* [Source data]
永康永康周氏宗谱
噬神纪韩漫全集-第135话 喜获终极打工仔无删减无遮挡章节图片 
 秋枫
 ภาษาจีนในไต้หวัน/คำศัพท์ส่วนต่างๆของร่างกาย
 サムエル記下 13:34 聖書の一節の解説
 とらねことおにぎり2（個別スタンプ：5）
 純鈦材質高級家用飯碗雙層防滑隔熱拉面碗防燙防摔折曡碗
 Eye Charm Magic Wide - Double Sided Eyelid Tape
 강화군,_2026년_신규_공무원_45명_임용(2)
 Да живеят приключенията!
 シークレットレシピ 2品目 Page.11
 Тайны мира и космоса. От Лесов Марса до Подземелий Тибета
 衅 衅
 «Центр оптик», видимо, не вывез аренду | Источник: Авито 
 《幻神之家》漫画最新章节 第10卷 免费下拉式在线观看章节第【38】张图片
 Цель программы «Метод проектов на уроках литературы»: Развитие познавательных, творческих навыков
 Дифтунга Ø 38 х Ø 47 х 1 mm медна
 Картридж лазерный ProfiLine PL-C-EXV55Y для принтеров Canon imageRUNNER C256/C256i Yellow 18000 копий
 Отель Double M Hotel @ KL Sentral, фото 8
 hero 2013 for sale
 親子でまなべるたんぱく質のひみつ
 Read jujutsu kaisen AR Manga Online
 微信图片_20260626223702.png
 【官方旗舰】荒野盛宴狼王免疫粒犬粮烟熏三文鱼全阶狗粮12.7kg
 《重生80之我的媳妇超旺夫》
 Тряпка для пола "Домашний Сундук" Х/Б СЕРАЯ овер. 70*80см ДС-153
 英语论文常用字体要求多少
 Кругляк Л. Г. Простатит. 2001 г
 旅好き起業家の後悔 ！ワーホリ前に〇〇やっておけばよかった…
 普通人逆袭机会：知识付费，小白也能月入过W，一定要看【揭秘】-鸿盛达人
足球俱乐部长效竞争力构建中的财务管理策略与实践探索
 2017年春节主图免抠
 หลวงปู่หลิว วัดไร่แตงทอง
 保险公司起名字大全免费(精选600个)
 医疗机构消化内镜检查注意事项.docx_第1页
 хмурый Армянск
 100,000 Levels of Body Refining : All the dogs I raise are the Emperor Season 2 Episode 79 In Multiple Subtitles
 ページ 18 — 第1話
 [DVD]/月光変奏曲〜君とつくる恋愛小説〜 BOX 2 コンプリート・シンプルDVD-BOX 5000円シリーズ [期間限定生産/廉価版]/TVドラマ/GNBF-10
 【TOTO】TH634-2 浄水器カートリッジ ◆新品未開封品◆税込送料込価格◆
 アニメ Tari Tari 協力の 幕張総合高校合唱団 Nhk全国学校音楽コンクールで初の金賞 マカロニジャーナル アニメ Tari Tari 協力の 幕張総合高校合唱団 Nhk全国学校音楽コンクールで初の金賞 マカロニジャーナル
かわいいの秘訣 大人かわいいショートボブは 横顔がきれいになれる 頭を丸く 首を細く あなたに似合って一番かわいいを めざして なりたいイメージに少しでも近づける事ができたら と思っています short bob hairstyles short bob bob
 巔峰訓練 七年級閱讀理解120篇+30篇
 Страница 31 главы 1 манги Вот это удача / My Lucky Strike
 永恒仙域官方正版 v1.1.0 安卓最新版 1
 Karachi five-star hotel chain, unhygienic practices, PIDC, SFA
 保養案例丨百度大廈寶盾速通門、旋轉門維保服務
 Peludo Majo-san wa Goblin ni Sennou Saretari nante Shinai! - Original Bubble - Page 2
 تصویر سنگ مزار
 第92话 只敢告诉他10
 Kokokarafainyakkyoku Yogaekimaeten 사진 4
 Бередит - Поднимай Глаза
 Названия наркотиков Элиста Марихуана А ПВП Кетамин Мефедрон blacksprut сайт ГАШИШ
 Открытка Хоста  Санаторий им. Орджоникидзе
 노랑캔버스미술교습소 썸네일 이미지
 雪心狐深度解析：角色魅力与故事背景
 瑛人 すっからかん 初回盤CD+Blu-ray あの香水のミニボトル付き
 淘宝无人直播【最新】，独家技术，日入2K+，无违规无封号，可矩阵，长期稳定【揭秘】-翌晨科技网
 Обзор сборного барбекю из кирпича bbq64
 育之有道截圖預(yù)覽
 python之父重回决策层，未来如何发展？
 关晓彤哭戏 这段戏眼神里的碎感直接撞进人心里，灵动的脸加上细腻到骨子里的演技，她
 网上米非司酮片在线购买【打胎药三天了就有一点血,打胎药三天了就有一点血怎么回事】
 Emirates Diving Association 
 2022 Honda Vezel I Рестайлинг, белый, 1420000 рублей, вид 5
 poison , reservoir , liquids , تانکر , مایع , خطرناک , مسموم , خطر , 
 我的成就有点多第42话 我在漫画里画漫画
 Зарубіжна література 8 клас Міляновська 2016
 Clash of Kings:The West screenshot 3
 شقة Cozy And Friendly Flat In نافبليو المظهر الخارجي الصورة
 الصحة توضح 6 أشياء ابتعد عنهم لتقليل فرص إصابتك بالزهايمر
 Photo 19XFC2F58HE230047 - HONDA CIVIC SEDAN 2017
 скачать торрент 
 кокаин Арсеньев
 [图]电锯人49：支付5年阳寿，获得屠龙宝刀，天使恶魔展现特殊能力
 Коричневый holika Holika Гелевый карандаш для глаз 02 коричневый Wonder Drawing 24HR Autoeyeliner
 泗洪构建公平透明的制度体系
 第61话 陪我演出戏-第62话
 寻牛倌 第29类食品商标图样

* [Required work]
Copy out, from the data above, each line where the string "Double" is present.

* [Response for this exercise]
 Eye Charm Magic Wide - Double Sided Eyelid Tape
 Отель Double M Hotel @ KL Sentral, фото 8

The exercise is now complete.